Within the entries below, the lines from the one with "Ниацин NOW Foods" through the one with "Siyah Uzun Kollu" are to be set down exactly, both ends kept.

*** Block opens ***

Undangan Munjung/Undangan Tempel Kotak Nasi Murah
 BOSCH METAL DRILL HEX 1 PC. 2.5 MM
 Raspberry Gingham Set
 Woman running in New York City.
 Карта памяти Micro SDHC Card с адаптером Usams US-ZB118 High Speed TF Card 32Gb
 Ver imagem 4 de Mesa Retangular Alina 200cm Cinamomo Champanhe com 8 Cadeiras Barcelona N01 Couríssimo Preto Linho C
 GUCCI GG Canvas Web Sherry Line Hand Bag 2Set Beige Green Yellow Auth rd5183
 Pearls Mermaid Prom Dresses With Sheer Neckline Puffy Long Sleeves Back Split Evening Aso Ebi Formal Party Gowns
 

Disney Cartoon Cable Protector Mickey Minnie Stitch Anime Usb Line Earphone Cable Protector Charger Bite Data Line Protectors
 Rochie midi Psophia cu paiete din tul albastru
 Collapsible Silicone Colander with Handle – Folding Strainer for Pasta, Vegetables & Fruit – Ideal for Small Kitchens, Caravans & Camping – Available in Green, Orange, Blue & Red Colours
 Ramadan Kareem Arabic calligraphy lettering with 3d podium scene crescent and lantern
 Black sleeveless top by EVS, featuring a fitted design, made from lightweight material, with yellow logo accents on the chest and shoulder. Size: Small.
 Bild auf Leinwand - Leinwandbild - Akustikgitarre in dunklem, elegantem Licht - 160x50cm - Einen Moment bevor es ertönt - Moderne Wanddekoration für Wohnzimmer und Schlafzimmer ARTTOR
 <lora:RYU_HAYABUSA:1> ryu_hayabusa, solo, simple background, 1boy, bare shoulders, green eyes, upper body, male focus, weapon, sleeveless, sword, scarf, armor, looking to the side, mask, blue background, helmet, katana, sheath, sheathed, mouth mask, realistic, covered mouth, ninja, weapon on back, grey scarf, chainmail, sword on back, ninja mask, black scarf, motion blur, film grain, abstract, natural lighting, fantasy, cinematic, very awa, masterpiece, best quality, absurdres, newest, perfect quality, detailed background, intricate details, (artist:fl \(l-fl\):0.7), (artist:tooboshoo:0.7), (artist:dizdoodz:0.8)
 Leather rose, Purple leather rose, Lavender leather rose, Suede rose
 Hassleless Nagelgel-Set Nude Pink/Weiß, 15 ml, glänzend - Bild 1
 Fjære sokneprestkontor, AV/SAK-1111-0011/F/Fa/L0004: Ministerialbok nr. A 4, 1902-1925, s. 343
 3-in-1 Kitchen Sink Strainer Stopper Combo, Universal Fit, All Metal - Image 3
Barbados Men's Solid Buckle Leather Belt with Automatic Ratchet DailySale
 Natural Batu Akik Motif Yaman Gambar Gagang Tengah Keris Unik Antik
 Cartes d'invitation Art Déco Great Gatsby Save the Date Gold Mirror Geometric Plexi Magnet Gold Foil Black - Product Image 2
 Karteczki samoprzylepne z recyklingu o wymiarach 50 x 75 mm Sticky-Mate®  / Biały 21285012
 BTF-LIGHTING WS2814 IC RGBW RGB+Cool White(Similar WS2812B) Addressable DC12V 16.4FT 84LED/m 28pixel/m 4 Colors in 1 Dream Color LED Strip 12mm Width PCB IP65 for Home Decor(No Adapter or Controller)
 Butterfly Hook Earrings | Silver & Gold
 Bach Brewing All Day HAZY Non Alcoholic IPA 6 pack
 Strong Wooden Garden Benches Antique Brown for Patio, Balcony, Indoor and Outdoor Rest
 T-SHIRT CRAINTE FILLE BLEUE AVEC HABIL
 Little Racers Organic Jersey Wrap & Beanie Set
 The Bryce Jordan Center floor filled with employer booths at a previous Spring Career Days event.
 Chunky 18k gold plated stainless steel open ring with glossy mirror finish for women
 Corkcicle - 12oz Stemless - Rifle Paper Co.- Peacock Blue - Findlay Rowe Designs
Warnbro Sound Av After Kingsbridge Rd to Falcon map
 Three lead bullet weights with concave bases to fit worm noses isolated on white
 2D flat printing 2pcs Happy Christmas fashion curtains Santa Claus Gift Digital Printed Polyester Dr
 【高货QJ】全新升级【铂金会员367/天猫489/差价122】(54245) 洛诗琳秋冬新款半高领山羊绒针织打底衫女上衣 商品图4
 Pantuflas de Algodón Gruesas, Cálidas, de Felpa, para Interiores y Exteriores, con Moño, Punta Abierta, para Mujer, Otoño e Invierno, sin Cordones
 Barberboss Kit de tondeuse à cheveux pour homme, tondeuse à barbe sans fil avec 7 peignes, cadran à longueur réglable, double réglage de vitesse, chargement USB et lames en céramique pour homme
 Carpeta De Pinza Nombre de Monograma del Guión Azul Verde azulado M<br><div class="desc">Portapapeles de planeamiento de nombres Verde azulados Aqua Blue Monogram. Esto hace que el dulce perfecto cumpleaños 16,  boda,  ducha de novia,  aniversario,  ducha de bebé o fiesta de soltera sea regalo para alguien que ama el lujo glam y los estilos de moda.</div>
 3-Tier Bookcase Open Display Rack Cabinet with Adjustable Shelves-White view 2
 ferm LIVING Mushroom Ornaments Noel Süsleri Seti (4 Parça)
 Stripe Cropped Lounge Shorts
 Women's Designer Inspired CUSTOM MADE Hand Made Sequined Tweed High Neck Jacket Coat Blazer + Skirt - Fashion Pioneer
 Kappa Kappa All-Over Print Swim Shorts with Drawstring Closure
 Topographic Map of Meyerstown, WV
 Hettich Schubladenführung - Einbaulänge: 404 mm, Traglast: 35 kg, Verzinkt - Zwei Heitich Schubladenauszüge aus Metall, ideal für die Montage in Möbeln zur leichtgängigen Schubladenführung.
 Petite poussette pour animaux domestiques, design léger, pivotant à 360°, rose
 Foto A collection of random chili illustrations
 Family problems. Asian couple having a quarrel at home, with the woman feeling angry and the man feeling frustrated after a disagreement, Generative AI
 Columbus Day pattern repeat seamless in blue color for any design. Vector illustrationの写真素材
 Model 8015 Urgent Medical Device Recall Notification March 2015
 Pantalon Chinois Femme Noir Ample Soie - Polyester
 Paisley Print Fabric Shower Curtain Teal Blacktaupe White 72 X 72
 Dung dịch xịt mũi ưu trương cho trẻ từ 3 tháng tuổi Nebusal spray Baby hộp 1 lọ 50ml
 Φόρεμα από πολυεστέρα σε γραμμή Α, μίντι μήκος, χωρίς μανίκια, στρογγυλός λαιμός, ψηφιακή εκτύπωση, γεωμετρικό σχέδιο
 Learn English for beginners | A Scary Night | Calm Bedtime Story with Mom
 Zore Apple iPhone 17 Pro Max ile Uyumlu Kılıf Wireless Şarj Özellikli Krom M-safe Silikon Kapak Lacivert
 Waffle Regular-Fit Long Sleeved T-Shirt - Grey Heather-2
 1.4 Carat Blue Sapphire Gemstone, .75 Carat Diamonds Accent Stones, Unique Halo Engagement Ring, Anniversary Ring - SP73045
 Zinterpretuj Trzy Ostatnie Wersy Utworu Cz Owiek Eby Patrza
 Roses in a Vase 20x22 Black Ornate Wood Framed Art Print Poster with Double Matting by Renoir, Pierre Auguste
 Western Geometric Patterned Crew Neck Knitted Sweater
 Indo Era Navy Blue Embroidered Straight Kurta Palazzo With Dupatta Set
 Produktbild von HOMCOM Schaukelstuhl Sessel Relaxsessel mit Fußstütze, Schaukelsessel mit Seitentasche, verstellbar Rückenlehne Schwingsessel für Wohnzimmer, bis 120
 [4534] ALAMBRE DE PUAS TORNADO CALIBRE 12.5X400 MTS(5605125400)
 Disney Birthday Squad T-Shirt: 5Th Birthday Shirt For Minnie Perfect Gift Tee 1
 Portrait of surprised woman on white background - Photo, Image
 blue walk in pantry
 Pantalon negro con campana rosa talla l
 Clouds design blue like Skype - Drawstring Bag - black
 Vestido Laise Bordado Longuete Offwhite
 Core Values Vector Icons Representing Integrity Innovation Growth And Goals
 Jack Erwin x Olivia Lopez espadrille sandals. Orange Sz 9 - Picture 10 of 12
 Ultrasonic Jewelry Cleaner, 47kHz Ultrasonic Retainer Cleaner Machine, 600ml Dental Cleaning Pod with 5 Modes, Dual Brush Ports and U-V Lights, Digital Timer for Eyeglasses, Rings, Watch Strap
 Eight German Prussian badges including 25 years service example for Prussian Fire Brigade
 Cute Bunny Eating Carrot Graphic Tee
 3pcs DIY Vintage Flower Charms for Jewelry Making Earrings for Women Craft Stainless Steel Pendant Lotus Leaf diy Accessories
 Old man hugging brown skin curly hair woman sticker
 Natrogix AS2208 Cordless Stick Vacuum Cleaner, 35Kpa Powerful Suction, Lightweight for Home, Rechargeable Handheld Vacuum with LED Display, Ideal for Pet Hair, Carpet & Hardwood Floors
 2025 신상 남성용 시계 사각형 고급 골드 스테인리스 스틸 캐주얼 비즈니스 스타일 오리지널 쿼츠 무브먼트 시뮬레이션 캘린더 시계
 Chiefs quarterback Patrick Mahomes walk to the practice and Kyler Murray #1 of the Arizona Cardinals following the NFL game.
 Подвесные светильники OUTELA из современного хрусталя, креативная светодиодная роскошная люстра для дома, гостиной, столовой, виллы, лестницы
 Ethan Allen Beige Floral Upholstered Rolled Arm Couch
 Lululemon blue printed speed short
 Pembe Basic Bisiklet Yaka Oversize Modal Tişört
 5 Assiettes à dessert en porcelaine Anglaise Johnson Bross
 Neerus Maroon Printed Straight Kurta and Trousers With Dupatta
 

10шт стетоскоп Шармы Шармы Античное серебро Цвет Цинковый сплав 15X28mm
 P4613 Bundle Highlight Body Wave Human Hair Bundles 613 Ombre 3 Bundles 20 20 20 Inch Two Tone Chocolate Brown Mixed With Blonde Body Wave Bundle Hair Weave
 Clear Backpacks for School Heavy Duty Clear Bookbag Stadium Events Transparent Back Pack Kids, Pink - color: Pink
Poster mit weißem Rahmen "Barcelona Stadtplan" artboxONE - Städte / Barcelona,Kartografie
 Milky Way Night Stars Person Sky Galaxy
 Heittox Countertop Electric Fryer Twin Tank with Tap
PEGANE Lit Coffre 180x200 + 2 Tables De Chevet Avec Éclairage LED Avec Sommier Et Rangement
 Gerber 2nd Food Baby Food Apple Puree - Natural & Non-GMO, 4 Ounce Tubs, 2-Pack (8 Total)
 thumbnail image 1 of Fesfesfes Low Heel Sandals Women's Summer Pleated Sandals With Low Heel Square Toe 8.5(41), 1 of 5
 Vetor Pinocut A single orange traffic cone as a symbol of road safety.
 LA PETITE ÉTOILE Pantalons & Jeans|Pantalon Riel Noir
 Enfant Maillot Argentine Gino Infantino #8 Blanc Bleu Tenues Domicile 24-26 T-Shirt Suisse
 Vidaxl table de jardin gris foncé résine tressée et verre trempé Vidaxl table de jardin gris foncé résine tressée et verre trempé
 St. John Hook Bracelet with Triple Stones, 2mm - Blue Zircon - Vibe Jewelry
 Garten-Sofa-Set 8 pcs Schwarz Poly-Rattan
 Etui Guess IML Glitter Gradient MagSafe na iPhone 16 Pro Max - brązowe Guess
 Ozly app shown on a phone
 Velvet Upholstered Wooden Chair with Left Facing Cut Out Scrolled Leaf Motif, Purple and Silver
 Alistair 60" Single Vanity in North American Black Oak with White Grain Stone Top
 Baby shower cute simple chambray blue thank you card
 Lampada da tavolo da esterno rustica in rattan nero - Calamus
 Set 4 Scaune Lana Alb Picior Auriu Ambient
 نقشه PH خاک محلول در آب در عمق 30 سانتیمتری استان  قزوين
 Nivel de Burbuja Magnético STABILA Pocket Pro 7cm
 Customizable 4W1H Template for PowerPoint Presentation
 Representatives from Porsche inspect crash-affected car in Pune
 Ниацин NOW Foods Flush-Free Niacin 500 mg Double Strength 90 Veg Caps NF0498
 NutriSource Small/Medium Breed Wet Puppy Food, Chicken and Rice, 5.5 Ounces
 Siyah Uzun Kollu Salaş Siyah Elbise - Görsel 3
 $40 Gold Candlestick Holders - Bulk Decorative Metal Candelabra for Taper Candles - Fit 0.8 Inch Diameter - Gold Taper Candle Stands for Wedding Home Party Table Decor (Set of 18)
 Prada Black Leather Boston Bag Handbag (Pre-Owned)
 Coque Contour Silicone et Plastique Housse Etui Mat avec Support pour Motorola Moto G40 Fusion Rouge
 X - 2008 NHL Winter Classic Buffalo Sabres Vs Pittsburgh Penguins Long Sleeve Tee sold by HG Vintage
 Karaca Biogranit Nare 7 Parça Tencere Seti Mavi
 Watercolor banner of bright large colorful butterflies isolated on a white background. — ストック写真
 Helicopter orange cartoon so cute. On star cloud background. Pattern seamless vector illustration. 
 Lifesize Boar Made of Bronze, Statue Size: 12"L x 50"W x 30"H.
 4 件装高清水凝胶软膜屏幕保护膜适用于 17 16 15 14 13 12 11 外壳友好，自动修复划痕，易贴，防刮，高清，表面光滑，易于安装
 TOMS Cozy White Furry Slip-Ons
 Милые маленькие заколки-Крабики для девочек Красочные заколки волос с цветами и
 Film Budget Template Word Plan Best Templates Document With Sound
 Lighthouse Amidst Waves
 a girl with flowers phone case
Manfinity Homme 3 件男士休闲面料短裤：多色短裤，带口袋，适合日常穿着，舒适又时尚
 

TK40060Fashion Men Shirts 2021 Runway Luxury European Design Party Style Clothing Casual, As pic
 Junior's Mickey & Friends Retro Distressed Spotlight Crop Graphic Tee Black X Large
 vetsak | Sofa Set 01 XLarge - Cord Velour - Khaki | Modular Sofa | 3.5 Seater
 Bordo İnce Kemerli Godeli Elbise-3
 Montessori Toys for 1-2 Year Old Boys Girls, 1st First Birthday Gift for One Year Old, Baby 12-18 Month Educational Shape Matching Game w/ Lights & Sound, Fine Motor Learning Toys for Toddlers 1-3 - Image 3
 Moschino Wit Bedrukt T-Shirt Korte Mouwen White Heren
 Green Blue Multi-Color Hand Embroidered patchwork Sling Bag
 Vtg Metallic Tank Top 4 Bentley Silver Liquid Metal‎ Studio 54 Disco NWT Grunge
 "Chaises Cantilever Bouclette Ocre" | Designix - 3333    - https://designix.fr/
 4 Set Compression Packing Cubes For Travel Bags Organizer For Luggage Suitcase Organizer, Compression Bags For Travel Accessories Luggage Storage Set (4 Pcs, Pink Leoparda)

*** Block closes ***

## Problem solution
 Ниацин NOW Foods Flush-Free Niacin 500 mg Double Strength 90 Veg Caps NF0498
 NutriSource Small/Medium Breed Wet Puppy Food, Chicken and Rice, 5.5 Ounces
 Siyah Uzun Kollu Salaş Siyah Elbise - Görsel 3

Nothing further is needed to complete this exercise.